___ MATERIAL FOR THIS EXERCISE ___
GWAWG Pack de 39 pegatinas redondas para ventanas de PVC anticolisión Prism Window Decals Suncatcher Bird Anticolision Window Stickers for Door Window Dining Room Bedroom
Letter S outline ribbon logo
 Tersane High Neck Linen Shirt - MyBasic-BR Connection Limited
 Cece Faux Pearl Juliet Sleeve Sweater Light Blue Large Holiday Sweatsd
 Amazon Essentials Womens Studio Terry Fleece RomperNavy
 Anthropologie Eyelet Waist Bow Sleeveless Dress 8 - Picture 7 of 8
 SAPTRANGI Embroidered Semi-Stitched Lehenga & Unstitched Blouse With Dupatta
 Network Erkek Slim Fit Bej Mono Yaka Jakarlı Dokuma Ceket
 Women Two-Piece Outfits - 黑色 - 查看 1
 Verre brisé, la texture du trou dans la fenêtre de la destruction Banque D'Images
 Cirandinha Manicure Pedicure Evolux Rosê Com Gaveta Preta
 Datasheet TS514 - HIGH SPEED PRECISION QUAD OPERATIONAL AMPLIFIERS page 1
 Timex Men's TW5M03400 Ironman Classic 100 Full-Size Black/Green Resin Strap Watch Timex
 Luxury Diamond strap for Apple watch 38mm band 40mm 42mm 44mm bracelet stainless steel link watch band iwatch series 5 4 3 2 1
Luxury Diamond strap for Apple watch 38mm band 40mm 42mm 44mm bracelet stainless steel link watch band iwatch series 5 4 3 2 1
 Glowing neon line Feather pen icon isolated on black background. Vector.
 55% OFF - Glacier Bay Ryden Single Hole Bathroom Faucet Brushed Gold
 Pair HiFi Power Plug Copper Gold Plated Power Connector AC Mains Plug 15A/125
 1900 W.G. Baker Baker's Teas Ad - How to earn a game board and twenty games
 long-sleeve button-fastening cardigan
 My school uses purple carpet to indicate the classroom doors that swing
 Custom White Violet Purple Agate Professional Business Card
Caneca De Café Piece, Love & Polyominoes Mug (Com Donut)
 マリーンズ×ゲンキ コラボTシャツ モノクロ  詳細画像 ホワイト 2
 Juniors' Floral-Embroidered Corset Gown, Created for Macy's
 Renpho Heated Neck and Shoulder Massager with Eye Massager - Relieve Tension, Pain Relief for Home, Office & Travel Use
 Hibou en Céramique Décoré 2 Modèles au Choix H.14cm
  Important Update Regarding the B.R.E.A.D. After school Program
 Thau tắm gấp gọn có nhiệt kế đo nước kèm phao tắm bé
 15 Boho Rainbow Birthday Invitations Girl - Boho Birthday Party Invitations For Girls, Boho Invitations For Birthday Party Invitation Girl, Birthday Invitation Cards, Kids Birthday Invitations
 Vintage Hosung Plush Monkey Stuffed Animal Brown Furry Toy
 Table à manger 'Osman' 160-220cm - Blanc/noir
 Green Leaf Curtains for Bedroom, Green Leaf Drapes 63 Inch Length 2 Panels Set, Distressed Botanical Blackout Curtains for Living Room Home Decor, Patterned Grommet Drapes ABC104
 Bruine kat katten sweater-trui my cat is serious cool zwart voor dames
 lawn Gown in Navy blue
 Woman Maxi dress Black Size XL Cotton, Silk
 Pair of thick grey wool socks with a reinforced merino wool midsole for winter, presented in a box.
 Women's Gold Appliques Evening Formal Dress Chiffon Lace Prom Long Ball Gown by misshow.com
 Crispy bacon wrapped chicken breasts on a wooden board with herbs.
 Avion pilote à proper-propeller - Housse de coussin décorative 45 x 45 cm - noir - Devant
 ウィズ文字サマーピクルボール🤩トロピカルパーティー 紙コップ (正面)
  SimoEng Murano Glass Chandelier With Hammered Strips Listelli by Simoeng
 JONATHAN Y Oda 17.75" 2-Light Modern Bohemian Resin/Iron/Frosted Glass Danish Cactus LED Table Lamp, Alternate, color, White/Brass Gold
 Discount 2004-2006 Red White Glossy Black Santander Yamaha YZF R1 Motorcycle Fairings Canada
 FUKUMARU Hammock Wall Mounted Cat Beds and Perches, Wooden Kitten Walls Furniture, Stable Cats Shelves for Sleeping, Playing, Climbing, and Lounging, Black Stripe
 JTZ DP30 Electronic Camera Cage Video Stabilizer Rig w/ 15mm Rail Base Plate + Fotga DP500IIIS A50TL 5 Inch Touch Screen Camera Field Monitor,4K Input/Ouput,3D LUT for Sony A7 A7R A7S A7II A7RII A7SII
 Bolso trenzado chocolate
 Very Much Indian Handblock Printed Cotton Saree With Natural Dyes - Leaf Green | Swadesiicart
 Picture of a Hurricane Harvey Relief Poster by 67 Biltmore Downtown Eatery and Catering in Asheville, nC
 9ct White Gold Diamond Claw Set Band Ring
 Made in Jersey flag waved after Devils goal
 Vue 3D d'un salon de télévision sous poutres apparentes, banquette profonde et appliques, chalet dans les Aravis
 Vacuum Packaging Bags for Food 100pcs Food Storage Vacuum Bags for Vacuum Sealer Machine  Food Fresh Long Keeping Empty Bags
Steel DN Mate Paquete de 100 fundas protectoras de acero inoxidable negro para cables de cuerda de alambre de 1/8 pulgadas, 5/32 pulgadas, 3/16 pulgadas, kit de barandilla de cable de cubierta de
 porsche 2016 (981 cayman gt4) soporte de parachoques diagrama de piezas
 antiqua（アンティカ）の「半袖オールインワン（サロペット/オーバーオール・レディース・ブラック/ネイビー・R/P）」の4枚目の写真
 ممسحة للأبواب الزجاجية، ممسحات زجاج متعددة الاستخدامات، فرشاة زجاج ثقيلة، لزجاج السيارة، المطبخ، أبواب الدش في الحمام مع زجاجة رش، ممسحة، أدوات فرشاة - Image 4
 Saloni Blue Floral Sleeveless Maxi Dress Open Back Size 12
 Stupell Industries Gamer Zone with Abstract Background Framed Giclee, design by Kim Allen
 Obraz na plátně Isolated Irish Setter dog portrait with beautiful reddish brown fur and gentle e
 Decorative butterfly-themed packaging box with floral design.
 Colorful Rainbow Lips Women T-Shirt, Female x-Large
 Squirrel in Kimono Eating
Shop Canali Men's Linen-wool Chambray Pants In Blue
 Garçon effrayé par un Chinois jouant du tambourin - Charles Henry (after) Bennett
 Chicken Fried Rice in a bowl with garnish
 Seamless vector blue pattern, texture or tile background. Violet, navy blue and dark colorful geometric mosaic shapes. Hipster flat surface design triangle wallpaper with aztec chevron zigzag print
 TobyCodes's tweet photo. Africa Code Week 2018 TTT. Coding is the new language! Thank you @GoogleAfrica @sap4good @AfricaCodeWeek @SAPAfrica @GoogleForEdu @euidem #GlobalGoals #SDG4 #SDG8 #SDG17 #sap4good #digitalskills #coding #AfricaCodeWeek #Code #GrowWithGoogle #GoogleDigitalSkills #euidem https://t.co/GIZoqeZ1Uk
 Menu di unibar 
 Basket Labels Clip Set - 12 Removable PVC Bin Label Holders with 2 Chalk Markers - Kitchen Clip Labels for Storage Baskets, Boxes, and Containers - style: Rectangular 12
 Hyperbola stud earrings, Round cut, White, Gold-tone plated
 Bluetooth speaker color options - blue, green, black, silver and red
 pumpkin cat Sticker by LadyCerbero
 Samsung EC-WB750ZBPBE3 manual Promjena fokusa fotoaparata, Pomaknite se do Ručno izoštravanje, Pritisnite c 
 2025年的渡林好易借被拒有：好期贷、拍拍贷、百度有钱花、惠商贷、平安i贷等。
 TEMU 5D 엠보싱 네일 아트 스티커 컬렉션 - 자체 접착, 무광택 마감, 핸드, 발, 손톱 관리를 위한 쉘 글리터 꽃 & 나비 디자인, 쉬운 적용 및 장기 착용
___
• _EXERCISE BRIEF_:
Give an exact copy of the lines above from the line with "Saloni Blue Floral" up to and including the line with "Shop Canali Men's", and leave everything else out.

• _SOLUTION TO THE EXERCISE_:
 Saloni Blue Floral Sleeveless Maxi Dress Open Back Size 12
 Stupell Industries Gamer Zone with Abstract Background Framed Giclee, design by Kim Allen
 Obraz na plátně Isolated Irish Setter dog portrait with beautiful reddish brown fur and gentle e
 Decorative butterfly-themed packaging box with floral design.
 Colorful Rainbow Lips Women T-Shirt, Female x-Large
 Squirrel in Kimono Eating
Shop Canali Men's Linen-wool Chambray Pants In Blue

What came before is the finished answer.